▶ [Records supplied]:
----

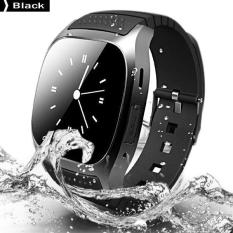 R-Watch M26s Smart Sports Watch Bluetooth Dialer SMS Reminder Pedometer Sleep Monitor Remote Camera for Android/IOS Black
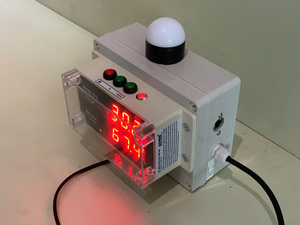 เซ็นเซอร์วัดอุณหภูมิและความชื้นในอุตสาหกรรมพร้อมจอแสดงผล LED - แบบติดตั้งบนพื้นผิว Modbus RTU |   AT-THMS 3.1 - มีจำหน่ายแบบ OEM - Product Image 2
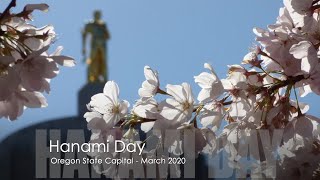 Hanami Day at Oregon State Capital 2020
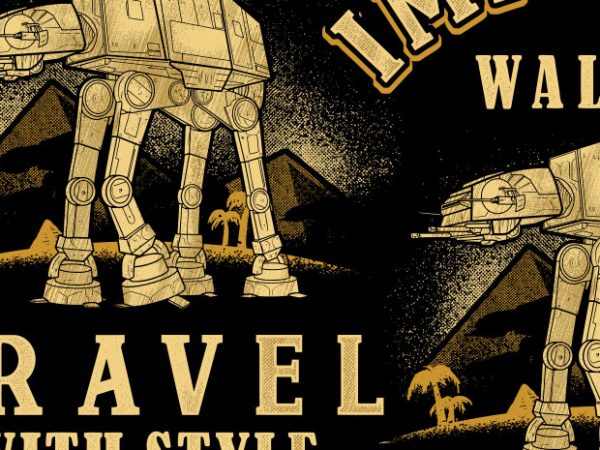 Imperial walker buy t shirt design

----

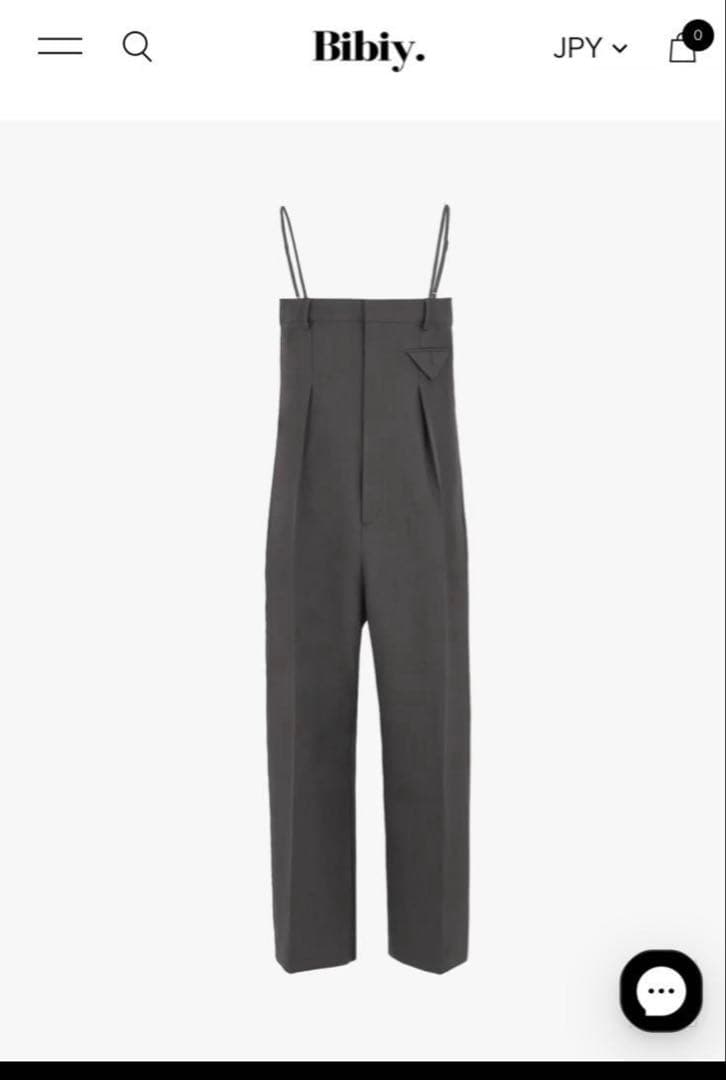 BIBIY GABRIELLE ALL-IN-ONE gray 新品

----

▶ [Work request]: When you reach the line holding "Hanami Day at Oregon State Capital 2020" in the listing above, begin retyping exactly, and stop once the line holding "Imperial walker buy t shirt design" is done; pictures stay out.

▶ [Exercise response]:
 Hanami Day at Oregon State Capital 2020
 Imperial walker buy t shirt design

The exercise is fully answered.